Suspect arrested after Mona Lisa smeared with cream cake

‘Think of the Earth, people are destroying the Earth,’ man dressed in a wig said as he was being led away from the Louvre Museum.

Visitors take pictures and video of the painting "Mona Lisa" after cake was smeared on the protective glass at the Louvre Museum in Paris
Visitors take photos and video of the Mona Lisa painting after cake was smeared on the protective glass at the Louvre Museum in Paris [Reuters]

The Mona Lisa survived unharmed when a visitor to the Louvre in Paris tried to smash the glass protecting the world’s most famous painting before smearing cake across its surface in an apparent environment-related publicity stunt.

The Paris prosecutor’s office said on Monday that the 36-year-old man had been detained following Sunday’s incident and sent to a police psychiatric unit.

An investigation has been opened into the damage of cultural artifacts.

Videos posted on social media showed a man in a wig and lipstick who arrived in a wheelchair. The man, whose identity was unknown, was also seen throwing roses in the museum gallery.

Disguised as an old lady, he later jumped out of the wheelchair before lunging at the bulletproof glass.

The cake attack left a conspicuous white creamy smear but the famous work by Leonardo da Vinci was not damaged.

“Maybe this is just nuts to me,” observed one person who posted a video of the incident’s aftermath, showing a member of the museum staff cleaning the glass. “[He] then proceeds to smear cake on the glass, and throws roses everywhere before being tackled by security.”

Officials at the Louvre Museum in Paris declined to comment on Monday on what had happened.

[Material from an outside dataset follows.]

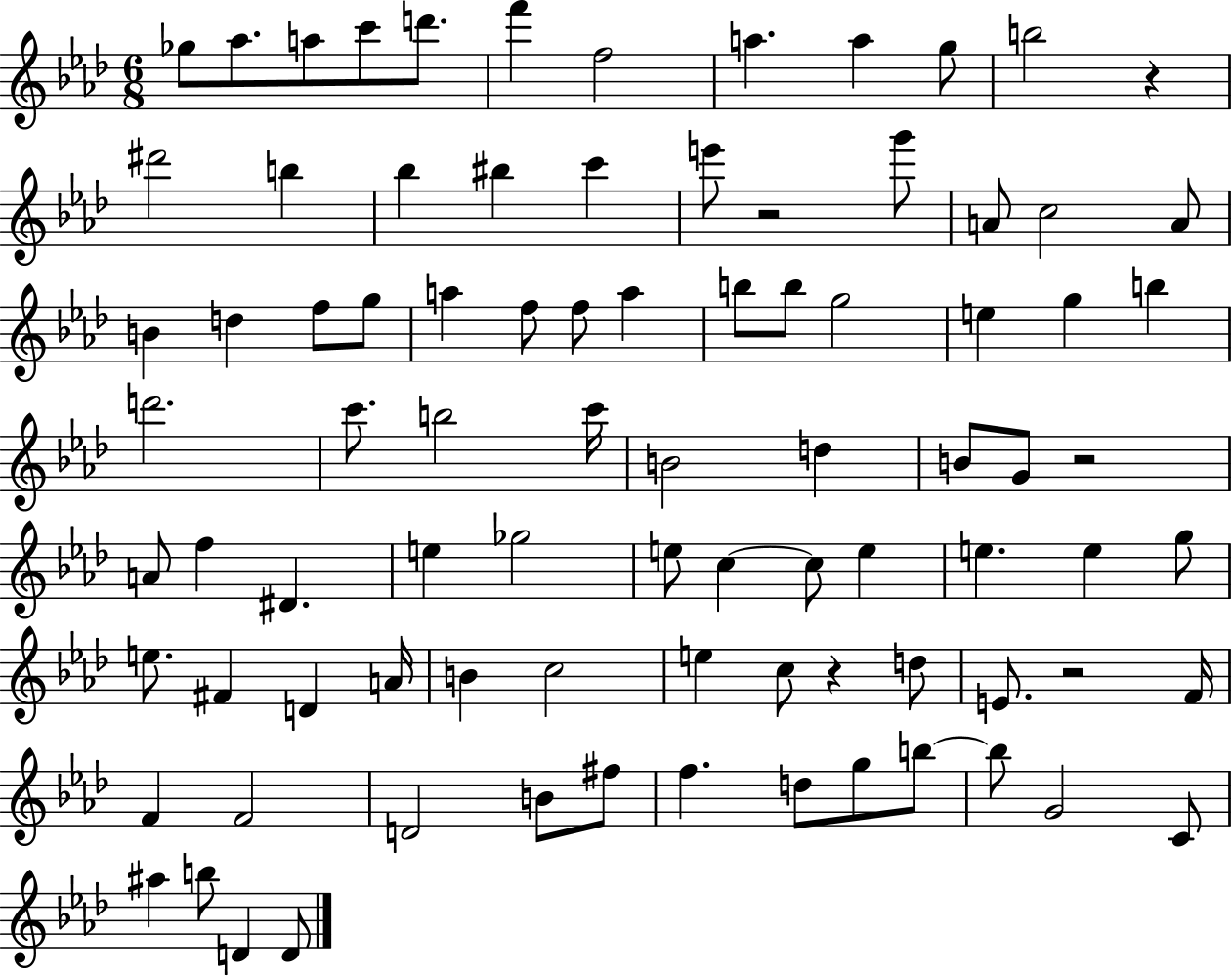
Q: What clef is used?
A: treble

Another video posted on Twitter showed the same staff member finish cleaning the pane while another removed a wheelchair from in front of the Da Vinci masterpiece.

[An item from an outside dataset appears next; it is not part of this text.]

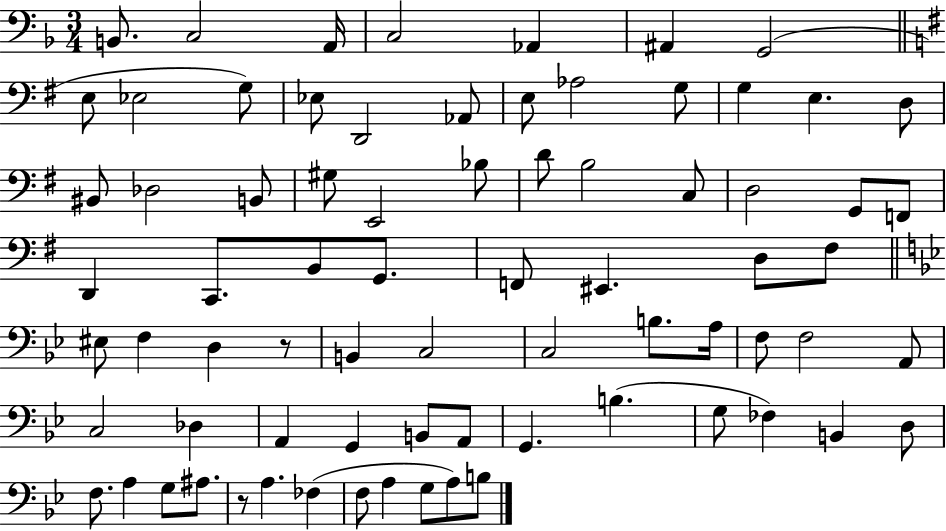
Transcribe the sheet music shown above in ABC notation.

“Think of the Earth, people are destroying the Earth,” the man said in French in another video that showed him being led away by security from the Paris gallery. “Think about it. Artists tell you: think of the Earth. That’s why I did this.”

The 16th-century Renaissance masterpiece has been targeted before. The painting was stolen in 1911 by a museum employee, an event that increased its international fame.

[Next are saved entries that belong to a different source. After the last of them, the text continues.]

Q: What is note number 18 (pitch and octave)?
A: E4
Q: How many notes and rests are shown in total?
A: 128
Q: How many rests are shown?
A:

The Mona Lisa has been behind glass since a Bolivian man threw a rock at the painting in December 1956, damaging her left elbow. In 2005, it was placed in a reinforced case that also controls temperature and humidity.

In 2009, a Russian woman angry at not being able to get French citizenship threw an empty teacup at the painting, which slightly scratched the case.

The Louvre is the largest museum in the world, housing hundreds of thousands of works that attracted some 10 million visitors a year before the COVID-19 pandemic.